During the game I noticed an interesting behaviour. I've seen it in other games as well (FU and SOTC to name a couple) but it really stood out in Lady Blackbird. I call it checklisting. It goes like this:
I lunge for the control panel to close it before the guards come through. So that's 1 die for taking an action, 1 die for athletic trait, 1 die for acrobatic tag, 1 die for sprinting tag, and 1 die for nimble... 5 dice!I get that this is how the rules work, but after a couple of times through the checklist it started to irk me for two reasons.
1. Players make tenuous links from the traits and tags to the action they're taking. In the example above you have to imagine that the race to the control panel was not only a sprint but also included leaps and tumbles.
2. There's no narrative, just a series of adjectives. The character doesn't make a dash for the door, leaping over a crate on the way, to lunge for the panel and hit the button in time. Instead, the character succeeds because they're athletic, acrobatic, a sprinter, and nimble. One of these options makes for entertaining fiction, and the other is shorthand.
I found myself denying the players the option to do this when I knew they could do it with more flavour and story. Some of the players in the group didn't want that experience so I let it slide for them, but for the players who like the loosey goosey aspects of story games I insisted on it.
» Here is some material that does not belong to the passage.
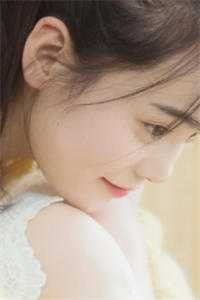 甜宠：伪凶糙汉是我老公完整文本阅读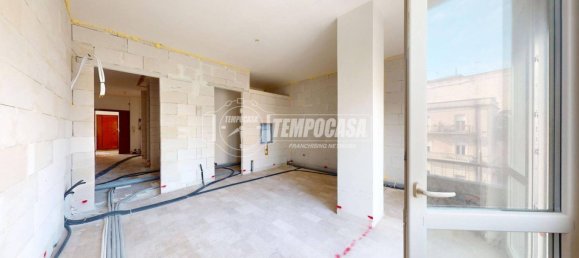 4 chambres Appartement à Lecce, Italy No. 337173 15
They had to tell me about the sprint, about the leap, about the tumble, and about the moment they nimbly slipped between sometime in order to achieve the shortest path to the control panel.
As it happens, this kind of play style can be hard work after the first couple of times. It's easier to just checklist the thing, roll the dice, and play after the result. Maybe it's just me, but I like even just a sentence or two that connects the dice with the story. I want the dice to help the players to create the story and tell it verbally rather than leaving the details to the imagination.
So how about your game table? How do you connect the dice to way the story is told?